[Extracted records]
::::
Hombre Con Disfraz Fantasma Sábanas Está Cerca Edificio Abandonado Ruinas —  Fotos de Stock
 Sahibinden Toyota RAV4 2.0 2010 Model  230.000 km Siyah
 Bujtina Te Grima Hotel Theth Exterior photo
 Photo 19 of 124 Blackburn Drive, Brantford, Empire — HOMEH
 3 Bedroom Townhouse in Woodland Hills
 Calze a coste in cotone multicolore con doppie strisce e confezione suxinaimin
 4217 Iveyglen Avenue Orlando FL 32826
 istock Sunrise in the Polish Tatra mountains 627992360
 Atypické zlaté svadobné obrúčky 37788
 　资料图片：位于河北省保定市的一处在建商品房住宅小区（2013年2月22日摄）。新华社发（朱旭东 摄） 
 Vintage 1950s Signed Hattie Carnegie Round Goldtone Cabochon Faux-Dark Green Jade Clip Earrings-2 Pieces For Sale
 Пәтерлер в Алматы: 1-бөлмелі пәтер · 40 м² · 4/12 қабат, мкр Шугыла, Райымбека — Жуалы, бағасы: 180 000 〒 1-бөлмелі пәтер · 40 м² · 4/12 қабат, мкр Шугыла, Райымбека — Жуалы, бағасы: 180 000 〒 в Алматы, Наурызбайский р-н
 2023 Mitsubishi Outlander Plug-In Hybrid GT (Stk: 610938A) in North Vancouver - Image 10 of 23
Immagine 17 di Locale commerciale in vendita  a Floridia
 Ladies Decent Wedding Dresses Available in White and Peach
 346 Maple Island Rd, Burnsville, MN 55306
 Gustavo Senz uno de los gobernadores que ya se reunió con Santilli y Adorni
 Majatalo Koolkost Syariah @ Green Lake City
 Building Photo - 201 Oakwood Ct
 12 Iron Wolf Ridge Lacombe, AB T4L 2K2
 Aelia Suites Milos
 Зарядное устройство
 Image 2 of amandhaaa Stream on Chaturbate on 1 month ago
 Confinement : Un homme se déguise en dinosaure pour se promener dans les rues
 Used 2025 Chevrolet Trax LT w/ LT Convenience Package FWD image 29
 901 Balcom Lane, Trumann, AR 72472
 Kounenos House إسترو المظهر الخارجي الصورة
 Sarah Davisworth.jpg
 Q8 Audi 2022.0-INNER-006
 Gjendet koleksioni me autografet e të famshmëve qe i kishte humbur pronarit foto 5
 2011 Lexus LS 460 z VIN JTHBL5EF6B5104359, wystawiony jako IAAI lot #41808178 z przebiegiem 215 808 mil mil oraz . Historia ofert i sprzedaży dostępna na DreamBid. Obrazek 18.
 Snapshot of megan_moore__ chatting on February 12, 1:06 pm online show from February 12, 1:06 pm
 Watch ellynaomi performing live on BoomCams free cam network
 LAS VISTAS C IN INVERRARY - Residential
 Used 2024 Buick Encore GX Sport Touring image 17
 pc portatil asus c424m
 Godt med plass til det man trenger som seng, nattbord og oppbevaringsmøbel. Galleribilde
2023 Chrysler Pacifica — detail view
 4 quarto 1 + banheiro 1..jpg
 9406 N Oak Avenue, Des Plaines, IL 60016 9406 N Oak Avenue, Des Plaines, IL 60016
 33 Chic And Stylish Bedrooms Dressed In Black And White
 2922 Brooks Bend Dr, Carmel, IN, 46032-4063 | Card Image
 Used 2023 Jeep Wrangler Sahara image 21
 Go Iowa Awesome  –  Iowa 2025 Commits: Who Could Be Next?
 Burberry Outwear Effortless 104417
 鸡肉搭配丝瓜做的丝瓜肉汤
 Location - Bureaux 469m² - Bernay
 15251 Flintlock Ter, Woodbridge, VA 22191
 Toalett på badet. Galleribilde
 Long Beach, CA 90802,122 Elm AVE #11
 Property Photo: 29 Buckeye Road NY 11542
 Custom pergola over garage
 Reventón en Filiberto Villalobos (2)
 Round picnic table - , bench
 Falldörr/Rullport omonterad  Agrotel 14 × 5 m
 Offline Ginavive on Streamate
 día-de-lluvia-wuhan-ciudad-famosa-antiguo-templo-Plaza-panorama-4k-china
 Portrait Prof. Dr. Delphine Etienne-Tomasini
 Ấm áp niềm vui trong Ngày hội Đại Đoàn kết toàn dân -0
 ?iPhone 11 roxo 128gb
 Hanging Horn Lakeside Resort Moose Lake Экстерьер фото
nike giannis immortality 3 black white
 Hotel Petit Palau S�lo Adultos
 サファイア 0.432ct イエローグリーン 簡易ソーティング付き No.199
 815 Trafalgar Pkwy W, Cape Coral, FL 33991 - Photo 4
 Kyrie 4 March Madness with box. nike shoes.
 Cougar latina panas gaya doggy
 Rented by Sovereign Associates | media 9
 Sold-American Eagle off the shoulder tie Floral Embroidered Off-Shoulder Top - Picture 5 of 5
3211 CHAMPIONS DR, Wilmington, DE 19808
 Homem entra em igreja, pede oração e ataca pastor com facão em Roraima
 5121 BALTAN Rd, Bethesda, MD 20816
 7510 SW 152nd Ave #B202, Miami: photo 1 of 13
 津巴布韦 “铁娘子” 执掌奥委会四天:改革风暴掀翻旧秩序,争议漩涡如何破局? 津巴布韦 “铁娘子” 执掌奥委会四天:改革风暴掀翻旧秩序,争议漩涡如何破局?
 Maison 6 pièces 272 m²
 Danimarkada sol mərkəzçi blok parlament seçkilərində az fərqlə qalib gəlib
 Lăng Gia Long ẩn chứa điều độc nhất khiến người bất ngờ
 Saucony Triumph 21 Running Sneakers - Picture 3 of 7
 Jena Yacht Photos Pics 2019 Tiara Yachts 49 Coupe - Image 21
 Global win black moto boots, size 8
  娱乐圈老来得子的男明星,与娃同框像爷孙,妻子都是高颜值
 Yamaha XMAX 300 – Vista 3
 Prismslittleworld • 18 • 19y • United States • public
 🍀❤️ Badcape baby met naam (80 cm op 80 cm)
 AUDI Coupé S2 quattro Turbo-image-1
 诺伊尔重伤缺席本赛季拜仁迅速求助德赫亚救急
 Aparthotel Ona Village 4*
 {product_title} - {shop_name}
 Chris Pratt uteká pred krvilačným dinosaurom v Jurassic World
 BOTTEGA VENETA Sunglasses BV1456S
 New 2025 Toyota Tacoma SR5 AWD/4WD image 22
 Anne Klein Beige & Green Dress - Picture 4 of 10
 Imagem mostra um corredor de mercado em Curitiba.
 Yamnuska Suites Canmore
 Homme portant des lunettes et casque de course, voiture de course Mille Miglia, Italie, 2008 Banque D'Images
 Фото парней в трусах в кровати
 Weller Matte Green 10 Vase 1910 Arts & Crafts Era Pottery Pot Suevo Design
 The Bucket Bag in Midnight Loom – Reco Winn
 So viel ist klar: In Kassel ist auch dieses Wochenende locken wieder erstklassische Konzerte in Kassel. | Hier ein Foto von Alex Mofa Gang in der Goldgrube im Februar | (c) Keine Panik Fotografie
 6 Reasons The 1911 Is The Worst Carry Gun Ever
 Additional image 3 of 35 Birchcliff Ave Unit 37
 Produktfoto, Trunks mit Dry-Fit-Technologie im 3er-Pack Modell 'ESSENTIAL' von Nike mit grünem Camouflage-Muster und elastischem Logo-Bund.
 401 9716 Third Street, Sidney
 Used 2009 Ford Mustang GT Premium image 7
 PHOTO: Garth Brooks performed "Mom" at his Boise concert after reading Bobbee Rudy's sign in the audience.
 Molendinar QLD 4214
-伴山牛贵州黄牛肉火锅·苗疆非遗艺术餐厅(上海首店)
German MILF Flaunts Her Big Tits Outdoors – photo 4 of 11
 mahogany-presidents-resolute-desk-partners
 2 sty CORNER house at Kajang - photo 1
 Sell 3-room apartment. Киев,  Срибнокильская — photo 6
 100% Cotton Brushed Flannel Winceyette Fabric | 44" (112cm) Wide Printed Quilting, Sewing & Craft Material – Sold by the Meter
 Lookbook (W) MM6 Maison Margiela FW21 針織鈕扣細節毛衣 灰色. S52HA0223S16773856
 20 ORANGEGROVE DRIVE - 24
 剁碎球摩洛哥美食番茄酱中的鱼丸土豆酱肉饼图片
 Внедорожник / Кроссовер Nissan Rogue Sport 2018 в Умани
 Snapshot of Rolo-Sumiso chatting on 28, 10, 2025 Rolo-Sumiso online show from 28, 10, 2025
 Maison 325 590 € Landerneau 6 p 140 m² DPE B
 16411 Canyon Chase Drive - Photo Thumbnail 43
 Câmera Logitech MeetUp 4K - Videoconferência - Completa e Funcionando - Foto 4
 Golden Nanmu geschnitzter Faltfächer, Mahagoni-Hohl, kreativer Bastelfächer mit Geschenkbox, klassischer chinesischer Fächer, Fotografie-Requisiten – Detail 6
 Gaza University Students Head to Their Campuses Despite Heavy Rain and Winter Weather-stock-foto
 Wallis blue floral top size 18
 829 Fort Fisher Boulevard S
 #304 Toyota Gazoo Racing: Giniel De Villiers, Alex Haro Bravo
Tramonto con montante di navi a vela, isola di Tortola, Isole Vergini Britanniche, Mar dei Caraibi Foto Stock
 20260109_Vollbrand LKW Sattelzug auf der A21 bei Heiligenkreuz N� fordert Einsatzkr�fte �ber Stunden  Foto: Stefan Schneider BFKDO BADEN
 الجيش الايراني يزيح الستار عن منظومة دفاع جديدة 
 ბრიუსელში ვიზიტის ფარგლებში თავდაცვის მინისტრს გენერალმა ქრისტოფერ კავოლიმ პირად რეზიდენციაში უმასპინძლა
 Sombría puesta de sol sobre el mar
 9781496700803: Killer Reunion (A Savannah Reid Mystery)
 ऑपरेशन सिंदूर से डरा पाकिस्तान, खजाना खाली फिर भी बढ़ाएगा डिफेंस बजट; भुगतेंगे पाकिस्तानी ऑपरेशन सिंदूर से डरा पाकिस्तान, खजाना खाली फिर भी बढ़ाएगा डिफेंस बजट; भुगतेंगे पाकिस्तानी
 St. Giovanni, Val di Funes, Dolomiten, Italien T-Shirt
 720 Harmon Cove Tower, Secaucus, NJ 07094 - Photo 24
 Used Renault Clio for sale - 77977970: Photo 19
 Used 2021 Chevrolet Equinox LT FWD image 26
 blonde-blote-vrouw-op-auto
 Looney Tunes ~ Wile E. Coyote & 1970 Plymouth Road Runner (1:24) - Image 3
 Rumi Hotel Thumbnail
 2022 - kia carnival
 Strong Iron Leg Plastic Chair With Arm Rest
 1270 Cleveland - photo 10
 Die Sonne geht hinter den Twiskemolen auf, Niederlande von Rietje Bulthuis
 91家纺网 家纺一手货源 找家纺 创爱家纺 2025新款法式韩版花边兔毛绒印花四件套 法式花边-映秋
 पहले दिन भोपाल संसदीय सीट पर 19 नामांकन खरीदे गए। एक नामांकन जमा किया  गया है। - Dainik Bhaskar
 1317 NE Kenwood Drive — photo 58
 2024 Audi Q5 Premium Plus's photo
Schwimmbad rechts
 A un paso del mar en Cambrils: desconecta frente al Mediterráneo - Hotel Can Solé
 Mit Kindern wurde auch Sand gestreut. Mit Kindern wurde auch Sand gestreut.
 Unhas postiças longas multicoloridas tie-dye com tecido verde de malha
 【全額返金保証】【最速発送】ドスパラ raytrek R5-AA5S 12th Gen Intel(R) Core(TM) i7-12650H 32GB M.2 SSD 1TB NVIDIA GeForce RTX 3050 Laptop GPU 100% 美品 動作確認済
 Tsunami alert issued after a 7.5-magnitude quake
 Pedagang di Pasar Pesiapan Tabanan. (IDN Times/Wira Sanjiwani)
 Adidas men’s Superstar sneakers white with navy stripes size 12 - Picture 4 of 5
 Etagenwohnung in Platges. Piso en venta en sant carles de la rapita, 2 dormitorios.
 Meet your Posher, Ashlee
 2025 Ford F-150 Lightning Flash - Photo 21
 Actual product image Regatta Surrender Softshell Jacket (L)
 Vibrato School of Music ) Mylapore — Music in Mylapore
::::
In the entries above, restate word for word the lines between the one holding "Mit Kindern wurde auch Sand gestreut. Mit" and the one holding "Meet your Posher, Ashlee", inclusive, and nothing besides.

**YOUR RESPONSE**
 Mit Kindern wurde auch Sand gestreut. Mit Kindern wurde auch Sand gestreut.
 Unhas postiças longas multicoloridas tie-dye com tecido verde de malha
 【全額返金保証】【最速発送】ドスパラ raytrek R5-AA5S 12th Gen Intel(R) Core(TM) i7-12650H 32GB M.2 SSD 1TB NVIDIA GeForce RTX 3050 Laptop GPU 100% 美品 動作確認済
 Tsunami alert issued after a 7.5-magnitude quake
 Pedagang di Pasar Pesiapan Tabanan. (IDN Times/Wira Sanjiwani)
 Adidas men’s Superstar sneakers white with navy stripes size 12 - Picture 4 of 5
 Etagenwohnung in Platges. Piso en venta en sant carles de la rapita, 2 dormitorios.
 Meet your Posher, Ashlee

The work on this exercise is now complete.